Louvre güvenliğinde eski sistemlerin sorgulandığı ve parola şifresi üzerinden gelişen aksiyonları inceleyen derinlemesine bir analiz.

Louvre Müzesi, sahip olduğu dünya çapındaki koleksiyonlarla dikkat çekiyor. Ancak geçtiğimiz ay yaşanan ve tam tarih olarak 19 Ekim’e işaret edilen 102 milyon dolarlık soygun, güvenlik altyapısındaki bazı zorlukları gözler önüne serdi. Yetkililerin verdiği bilgilere göre, parolalarda ve güvenlik sistemlerinde kullanılan yaklaşım beklenenden daha temel seviyelerdeydi ve parola olarak yalnızca “LOUVRE” ifadesi kullanılıyordu.
Libération gazetesinin haberiyle, bu güvenlik zafiyeti yeniden gündeme geldi ve müze ağındaki bazı teknik unsurların ne kadar eski olduğuna dair tartışmalar başladı. Yeni edinilen bilgiler, Louvre’un otomasyon ağında hâlâ Windows 2000 tabanlı sistemlerin kullanıldığını gösterdi.

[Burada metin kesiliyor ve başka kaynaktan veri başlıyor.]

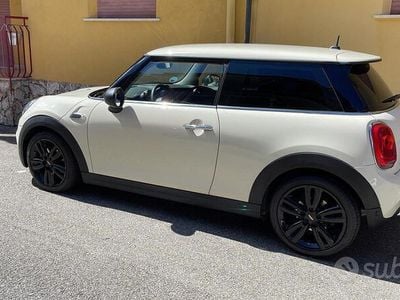 Usata Mini ONE 102 CV (75 kW) 2017 Utilitaria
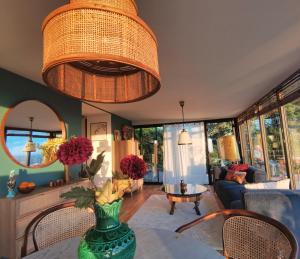 un salon avec un vase de fleurs sur une table dans l'établissement lodge-bélvédere sur les hauteurs de vichy, à Vichy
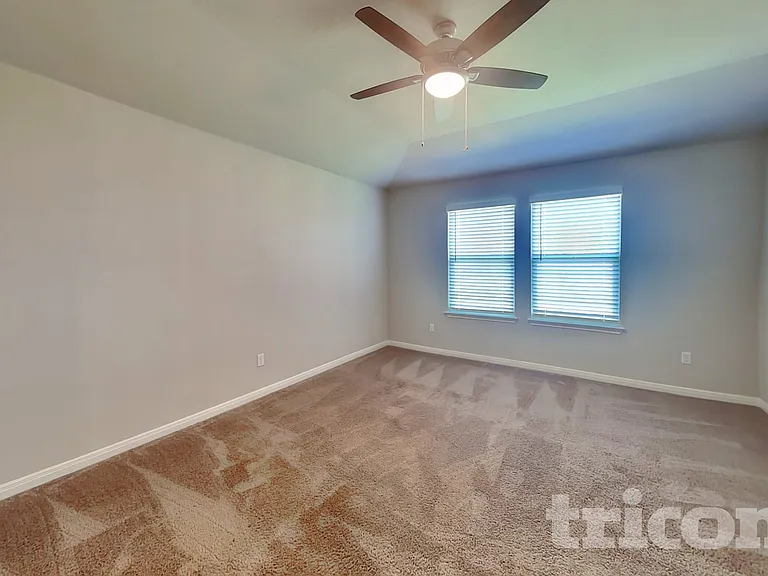 13661 Paxton Blvd — Photo 7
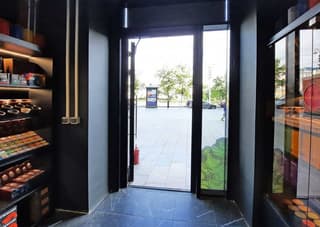 Продажа помещения свободного назначения 14,9 м², ул. Тверская, 19, фото 6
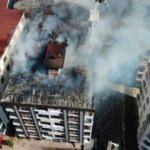 Esenyurt'ta bir binanın çatısında yangın çıktı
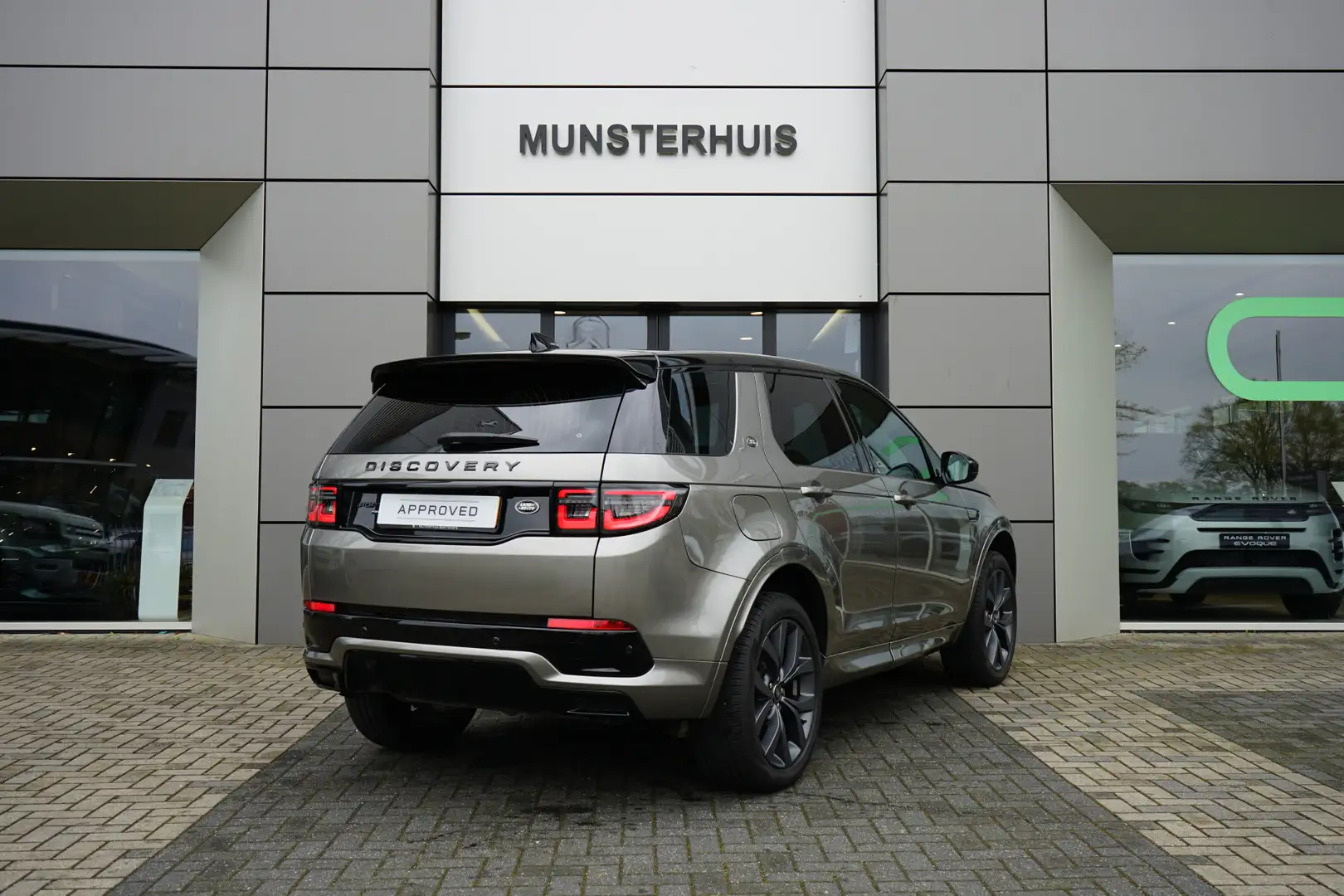 Land Rover Discovery Sport P300e 1.5 R-Dynamic SE - Meridian Surround - Grijs - 2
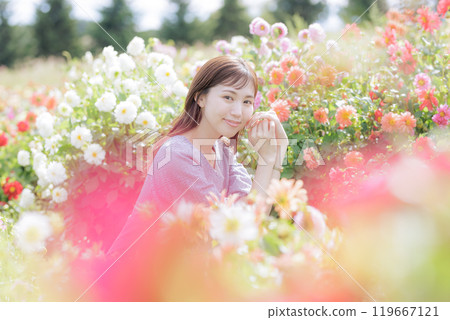 被花包圍的女人 119667121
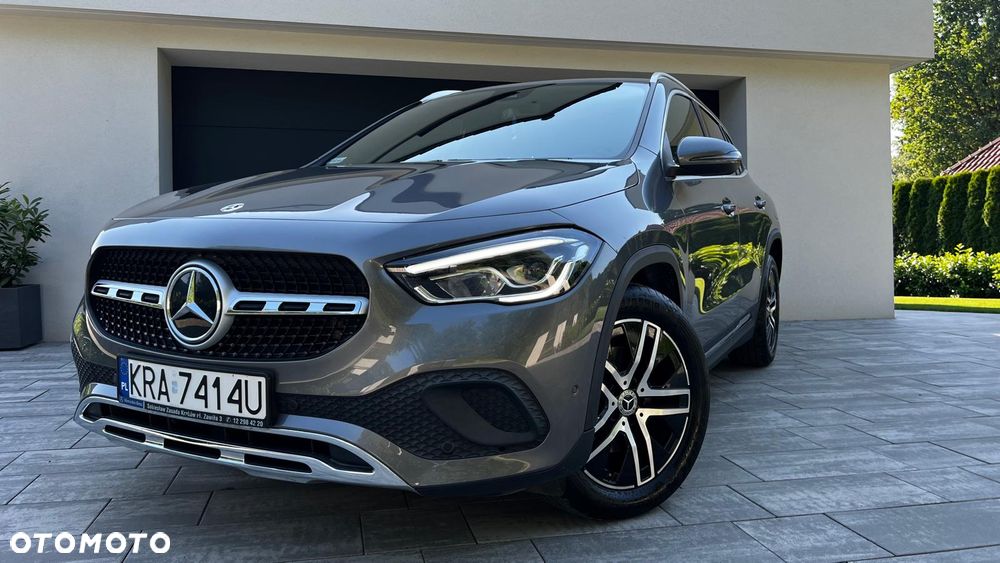 Mercedes-Benz GLA 200 - 2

Microsoft’ın bu sürüme desteğini 2010’da kesmesi, 2021’e kadar olan süreçte bile bu yapıların varlığını sürdürdüğünü ortaya koydu. 2014 ANSSI raporu da dönemin güvenlik açıklarının ciddiyetini vurgulamış durumda.
Raporlar, dijital güvenliğin yanında fiziksel güvenliğin de öncelikli olduğunu işaret ediyor. Zaman içinde Louvre yetkililerinin bu uyarıları dikkate almadığına dair eleştiriler sürüyor; görünür ve cazip projeler yerine altyapı yatırımlarının hayata geçirilmesi gerektiği vurgulanıyor.
Dijital güvenliğin yanı sıra fiziksel güvenlikte de eksiklikler bulunduğu bir kez daha görüldü. Son gerçekleşen soygunla ilgili soruşturma, eserlerin güvenlik kameraları tarafından izlenen bölümünün yalnızca %39 olduğunu gösterdi. Kalan alanlar için planlanan güvenlik projesinin ise 2032 yılına kadar tamamlanması hedefleniyor. İncelemeler, hırsızların galerideki çalışmalar sırasında kamyon vinciyle giriş yaptıklarını ve yalnızca sekiz dakika içinde değerli mücevherleri elde ettiklerini gösteriyor. Olayın ardından aralarında eski bir güvenlik görevlisinin de bulunduğu bazı kişiler tutuklandı; ancak çalınan taç mücevherleri hâlâ kayıp.
Dünya çapında öne çıkan sanat kurumları bile uzun yıllar boyunca güncellenmemiş güvenlik altyapılarına bel bağlıyor. Bu durum, siber güvenliğin sadece dijital alanlarda değil, fiziksel koruma sistemlerinde de hayati olduğuna dair net bir hatırlatıcı sunuyor.